Frequency/channel visualization

[ ]:
region = Xtrain[400]
ffts = numpy.array([2.0/len(time_serie)*numpy.abs(fft(time_serie)[:len(time_serie)//2]) for time_serie in region])
[ ]:
from matplotlib.colors import LogNorm
plt.style.use('seaborn')
plt.figure(figsize=(5.5,4.5),dpi=80)
plt.imshow(ffts,extent=[fmin,Nyquist,ffts.shape[0],0],aspect='auto',cmap='jet',norm=LogNorm())
plt.xlabel('Frequency [Hz]')
plt.ylabel('Channels')
plt.colorbar()
plt.tight_layout()
plt.show()
../_images/exploration_filtering_28_0.png

Average magnitude across channels

[ ]:
import matplotlib.pyplot as plt
from matplotlib.patches import Rectangle
from matplotlib.colors import LogNorm
def frequency_plot(data,region,ffts,channel,sample,fs=500):
  # Setup multiplot figure
  plt.style.use('seaborn')
  fig, ax = plt.subplots(1,4,figsize=[11,3],dpi=80)
  # Show larger image
  samp_min,samp_max = (0,fs//2) if sample<fs//2 else (data.shape[1]-fs//2,data.shape[1]) if sample>data.shape[1]-fs//2 else (sample-fs//2,sample+fs//2)
  ax[0].imshow(data[:,samp_min:samp_max],aspect='auto',cmap='binary')
  ax[0].set_ylabel('Channels')
  ax[0].set_xlabel('Sample %s to %s'%(samp_min,samp_max))
  ax[0].add_patch(Rectangle((sample-samp_min,channel),region.shape[1],region.shape[0],fill=False,edgecolor='yellow',lw=3))
  # Select and plot training image
  ax[1].imshow(region,extent=[0,region.shape[1],region.shape[0],0],aspect='auto',cmap='binary')
  ax[1].set_xlabel('Sample')
  # Do and plot FFT for each channel
  ax[2].imshow(ffts,extent=[2/region.shape[1]*fs,fs/2,region.shape[0],0],aspect='auto',norm=LogNorm(vmin=ffts.min(), vmax=ffts.max()),cmap='jet')
  ax[2].set_xlabel('Frequency [Hz]')
  # Plot average amplitude for each frequency
  x=numpy.linspace(2/region.shape[1]*fs,fs/2,ffts.shape[1])
  y=[numpy.average(freq) for freq in ffts.T]
  ax[3].plot(x,y)
  ax[3].set_xlabel('Frequency [Hz]')
  ax[3].set_xlim(2/region.shape[1]*fs,fs/2,region.shape[0])
  plt.tight_layout()
  plt.show()
[ ]:
from scipy.fft import fft
for idx in [1000,2000,200]:
  channel,sample = idxs[idx]
  region = Xtrain[idx]
  ffts = numpy.array([2.0/len(time_serie)*numpy.abs(fft(time_serie)[:len(time_serie)//2]) for time_serie in region])
  frequency_plot(data,region,ffts,channel,sample)
../_images/exploration_filtering_31_0.png
../_images/exploration_filtering_31_1.png
../_images/exploration_filtering_31_2.png

Filtering out the noise

Let’s consider the same data region (index 400 of the Xtrain list) and same channel (80) used before.

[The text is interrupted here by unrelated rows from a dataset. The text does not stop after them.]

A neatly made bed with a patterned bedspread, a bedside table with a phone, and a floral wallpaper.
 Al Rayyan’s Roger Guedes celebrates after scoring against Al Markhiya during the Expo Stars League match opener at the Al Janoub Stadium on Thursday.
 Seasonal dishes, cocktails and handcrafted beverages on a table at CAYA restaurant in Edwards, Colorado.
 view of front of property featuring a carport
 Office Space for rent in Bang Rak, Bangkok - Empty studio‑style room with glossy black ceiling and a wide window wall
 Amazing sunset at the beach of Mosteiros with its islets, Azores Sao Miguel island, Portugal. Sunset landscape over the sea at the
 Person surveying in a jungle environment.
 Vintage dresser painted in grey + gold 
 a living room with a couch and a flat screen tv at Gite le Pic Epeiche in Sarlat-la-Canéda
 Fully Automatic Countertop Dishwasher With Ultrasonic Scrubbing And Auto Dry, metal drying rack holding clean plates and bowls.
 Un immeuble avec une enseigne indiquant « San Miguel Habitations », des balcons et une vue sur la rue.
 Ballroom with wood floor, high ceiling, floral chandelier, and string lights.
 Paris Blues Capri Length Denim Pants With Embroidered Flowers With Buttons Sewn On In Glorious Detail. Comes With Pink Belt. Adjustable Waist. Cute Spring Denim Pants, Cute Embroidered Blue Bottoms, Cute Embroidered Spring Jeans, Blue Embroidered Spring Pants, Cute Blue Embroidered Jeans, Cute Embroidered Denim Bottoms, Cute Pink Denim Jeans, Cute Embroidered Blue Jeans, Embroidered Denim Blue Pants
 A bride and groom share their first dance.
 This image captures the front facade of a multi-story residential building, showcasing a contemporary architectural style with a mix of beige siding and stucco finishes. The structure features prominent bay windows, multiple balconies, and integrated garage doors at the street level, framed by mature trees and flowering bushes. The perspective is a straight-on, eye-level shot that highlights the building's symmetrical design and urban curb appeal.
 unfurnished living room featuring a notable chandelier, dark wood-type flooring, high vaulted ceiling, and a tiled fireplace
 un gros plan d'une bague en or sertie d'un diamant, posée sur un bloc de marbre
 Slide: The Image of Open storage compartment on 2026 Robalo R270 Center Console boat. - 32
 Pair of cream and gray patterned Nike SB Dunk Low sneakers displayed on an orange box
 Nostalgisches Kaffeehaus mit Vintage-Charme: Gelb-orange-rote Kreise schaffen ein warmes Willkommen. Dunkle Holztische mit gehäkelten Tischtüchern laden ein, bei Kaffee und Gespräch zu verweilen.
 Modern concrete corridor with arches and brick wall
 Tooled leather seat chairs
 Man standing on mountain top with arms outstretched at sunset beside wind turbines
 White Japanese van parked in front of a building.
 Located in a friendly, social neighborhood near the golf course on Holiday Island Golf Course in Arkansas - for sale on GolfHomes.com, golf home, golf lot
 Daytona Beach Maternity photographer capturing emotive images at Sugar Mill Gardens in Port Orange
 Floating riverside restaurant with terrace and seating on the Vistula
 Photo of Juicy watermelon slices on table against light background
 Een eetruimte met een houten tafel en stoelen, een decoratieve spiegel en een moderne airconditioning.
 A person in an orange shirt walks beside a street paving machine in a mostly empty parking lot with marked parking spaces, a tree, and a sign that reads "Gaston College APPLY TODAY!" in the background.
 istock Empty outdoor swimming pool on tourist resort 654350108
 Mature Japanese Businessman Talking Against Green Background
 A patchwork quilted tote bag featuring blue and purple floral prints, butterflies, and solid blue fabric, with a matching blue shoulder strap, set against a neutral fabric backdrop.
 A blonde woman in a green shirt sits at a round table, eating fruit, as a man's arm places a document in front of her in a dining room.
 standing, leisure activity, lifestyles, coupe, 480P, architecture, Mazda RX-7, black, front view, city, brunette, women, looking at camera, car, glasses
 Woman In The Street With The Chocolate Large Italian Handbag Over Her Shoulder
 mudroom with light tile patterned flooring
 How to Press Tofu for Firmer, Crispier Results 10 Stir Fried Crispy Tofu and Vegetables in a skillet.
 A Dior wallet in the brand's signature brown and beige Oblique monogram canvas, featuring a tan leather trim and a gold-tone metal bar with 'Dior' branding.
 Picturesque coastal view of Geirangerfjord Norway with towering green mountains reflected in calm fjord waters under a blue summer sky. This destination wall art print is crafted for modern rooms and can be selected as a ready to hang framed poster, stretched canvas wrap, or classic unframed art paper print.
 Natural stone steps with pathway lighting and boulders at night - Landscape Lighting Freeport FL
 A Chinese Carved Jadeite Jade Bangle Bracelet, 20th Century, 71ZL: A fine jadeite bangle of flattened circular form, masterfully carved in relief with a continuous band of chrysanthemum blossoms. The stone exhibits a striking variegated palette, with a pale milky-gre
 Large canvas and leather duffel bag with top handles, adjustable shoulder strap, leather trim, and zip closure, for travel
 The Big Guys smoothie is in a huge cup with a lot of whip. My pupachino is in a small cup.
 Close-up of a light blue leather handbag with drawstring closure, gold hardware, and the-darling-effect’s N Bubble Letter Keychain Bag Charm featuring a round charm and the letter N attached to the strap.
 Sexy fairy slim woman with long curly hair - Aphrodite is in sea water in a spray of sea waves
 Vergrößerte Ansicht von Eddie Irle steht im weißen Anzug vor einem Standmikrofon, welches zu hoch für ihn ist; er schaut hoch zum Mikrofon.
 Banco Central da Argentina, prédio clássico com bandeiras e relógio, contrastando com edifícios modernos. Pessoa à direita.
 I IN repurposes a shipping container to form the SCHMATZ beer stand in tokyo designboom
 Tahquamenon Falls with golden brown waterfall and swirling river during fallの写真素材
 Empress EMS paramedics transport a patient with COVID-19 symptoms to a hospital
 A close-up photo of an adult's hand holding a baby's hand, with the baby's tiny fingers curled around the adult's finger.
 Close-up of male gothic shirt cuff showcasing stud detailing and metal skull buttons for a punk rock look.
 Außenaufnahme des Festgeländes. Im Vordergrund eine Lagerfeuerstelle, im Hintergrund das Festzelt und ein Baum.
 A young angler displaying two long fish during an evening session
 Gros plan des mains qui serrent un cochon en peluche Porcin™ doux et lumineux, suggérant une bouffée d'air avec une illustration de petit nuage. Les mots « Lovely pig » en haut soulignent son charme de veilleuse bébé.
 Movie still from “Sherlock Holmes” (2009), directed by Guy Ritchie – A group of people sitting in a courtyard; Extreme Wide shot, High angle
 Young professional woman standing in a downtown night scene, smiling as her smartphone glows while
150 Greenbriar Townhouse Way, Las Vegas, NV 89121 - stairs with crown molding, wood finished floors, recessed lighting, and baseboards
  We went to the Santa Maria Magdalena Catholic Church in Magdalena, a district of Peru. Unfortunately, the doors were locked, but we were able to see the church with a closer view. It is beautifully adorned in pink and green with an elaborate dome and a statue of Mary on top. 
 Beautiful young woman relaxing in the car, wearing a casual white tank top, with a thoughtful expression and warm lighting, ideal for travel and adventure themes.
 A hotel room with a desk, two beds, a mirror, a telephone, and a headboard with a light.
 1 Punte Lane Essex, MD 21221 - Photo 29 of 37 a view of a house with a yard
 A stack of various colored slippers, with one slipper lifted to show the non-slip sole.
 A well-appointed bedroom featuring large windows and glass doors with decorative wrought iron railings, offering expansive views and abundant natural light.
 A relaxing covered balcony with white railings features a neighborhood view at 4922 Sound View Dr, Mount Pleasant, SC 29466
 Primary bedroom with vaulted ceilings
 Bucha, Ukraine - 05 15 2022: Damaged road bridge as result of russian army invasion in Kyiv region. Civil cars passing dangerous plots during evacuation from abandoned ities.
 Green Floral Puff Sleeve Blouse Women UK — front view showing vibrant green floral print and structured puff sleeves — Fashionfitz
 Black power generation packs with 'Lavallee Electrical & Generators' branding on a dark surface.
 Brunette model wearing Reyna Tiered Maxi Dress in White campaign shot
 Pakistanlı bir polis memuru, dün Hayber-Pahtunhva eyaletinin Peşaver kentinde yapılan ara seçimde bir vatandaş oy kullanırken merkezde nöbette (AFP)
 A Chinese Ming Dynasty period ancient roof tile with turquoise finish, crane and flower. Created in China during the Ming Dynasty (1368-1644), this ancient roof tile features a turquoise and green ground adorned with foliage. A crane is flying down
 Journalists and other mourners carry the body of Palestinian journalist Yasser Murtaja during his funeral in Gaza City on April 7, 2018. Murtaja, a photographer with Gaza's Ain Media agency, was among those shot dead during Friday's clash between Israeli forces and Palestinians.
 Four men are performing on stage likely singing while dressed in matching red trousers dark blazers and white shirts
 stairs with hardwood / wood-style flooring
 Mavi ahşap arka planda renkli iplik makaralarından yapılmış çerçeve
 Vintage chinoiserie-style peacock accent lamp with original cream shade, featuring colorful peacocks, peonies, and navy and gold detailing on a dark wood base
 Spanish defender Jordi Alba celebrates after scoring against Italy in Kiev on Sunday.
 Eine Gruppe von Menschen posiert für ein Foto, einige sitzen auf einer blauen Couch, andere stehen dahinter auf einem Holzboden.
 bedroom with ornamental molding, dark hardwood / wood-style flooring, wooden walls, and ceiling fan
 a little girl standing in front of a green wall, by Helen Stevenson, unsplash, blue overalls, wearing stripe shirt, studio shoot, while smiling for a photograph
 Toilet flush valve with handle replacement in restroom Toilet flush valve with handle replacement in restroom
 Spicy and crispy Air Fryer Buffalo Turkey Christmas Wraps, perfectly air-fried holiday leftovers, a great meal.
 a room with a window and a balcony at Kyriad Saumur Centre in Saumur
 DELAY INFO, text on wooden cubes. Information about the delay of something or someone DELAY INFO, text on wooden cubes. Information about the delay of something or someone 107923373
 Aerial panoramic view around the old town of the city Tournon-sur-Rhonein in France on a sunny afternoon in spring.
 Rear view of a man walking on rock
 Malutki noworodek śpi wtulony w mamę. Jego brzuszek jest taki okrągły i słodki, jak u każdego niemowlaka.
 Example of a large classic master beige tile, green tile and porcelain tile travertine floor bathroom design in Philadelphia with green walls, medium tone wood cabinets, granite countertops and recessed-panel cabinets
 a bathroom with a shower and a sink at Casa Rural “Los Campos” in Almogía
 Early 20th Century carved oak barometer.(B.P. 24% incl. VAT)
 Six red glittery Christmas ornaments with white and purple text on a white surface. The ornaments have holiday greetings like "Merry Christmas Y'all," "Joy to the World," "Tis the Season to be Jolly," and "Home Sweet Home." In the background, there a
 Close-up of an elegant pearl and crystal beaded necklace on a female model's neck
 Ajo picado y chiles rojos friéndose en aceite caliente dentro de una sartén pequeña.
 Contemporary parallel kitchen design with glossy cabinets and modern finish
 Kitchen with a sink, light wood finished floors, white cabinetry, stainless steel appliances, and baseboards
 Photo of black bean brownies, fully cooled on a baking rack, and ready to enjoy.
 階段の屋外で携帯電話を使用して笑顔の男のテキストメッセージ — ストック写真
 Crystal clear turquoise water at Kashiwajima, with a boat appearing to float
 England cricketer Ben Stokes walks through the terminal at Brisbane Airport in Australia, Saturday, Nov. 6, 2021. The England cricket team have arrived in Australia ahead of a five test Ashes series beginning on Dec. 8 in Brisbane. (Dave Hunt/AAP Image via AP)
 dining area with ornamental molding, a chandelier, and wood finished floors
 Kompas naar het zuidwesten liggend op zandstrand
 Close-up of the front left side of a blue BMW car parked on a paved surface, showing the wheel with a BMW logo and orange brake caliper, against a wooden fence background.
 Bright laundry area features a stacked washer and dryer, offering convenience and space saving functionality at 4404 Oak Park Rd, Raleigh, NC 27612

In this section, we will show two different methods that can be used to remove all the high frequency signals which are the signatures of the noise.

[ ]:
ts = Xtrain[400][80]   # Single DAS data time series
N = len(ts)            # Total number of samples in time series
fs = 500.              # Sampling rate

Method 1: Inverse Fourier transform

We first calculate the FFT and its corresponding frequency array using the scipy.fft library as follows:

[ ]:
import scipy
ts_fft = scipy.fft.fft(ts)
freqs = scipy.fft.fftfreq(len(ts_fft),d=1/fs)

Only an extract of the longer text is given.